**About this task**
Images should be left out, and everything else in the listing reproduced exactly.

**Data segment**
**********
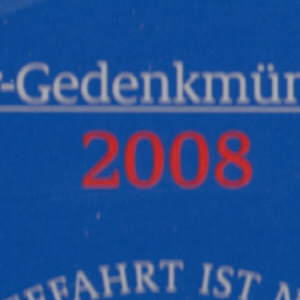 Qualität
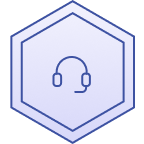 IT Service Desk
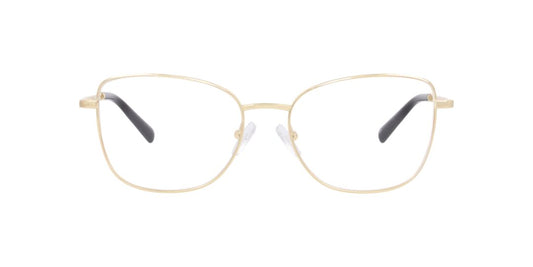 Lente Oftálmico Unofficial 0UO1199B Dorado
**********
**Written answer**
 Qualität
 IT Service Desk
 Lente Oftálmico Unofficial 0UO1199B Dorado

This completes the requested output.